李承乾伸手勾住了朝自己靠近的郑秋影的下巴。
郑秋影没有丝毫害怕,甚至还伸出舌头舔了下李承乾的手指。
“安分坐好。”
李承乾的眼中好像根本没有美色,
“再乱动,孤就把你从车上扔下去。”
郑秋影直接愣住了。
随即没好气的缩了回去。
这还是不是个男人?
长安城怎么可能会有对自己没想法的男人?
郑秋影突然觉得心里既愤怒,又庆幸。
......
东宫门口。
小顺子早已在门口候着,看到太子殿下从车里带下来一个裹着大氅的女人,眼珠子都快瞪出来了。
“带她去洗漱,换身干净衣服。”
李承乾吩咐了一句,随后便走向了书房。
半个时辰后。
换上了一身素雅宫装的郑秋影被宫女带到了书房门口。
洗去了满身污垢后,她恢复了往日的几分姿容。
她走进书房后,在距离书桌三步远的地方直接跪了下去。
“罪女郑秋影,听候殿下发落。

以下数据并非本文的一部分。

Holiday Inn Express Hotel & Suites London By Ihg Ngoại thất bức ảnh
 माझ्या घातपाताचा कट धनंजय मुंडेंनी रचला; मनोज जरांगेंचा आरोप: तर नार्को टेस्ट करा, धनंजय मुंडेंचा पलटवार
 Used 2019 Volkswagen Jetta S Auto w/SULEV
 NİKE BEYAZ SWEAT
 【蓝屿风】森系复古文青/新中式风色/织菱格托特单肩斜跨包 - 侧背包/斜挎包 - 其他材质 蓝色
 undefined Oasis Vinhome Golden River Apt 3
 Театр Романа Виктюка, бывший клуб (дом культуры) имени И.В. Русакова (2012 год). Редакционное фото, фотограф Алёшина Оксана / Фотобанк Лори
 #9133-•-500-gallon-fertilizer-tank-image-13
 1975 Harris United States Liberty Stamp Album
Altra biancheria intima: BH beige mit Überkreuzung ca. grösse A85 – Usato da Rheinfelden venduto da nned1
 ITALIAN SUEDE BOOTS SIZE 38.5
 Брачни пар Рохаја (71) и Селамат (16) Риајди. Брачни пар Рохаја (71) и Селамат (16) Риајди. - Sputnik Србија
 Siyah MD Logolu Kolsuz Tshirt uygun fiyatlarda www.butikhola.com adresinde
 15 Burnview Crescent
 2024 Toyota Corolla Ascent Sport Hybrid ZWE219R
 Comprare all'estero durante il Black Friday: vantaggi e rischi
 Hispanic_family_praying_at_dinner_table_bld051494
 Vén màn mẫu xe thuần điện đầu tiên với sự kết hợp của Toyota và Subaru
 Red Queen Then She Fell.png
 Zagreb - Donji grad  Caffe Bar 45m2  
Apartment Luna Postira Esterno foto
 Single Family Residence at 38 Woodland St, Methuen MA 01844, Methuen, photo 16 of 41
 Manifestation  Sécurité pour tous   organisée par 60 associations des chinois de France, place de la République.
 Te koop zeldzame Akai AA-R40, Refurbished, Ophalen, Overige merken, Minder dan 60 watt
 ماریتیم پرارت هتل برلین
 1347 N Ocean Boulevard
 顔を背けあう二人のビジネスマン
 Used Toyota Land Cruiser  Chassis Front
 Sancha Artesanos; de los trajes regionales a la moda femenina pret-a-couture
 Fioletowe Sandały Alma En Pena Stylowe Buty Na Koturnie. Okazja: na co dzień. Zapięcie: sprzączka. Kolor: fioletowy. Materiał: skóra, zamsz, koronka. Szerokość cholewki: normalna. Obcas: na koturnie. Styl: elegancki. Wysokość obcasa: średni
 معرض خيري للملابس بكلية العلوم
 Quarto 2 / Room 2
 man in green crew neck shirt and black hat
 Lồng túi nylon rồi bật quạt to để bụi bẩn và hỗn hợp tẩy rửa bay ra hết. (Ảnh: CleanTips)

”
李承乾的手里正翻阅着一本从河东缴获来的账册,似乎根本没有注意到她的到来。
书房里安静得可怕。
每一分每一秒,对跪在地上的郑秋影而言都是一种煎熬。
终于,李承乾合上了账册,抬起头看向了郑秋影。
“说说吧,五姓七望的谋反计划你到底知道多少?”
郑秋影声音沙哑的开口道:
“罪女确实不知。父亲与王珪等人私下有过来往,但他们所谋之事从未让罪女知晓分毫。”
说着,郑秋影的眼泪就不争气的流了下来,
“罪女一直以为凭自己的才智可以为家族在朝堂上周旋,可笑的是直到长孙冲带人来抄家的时候。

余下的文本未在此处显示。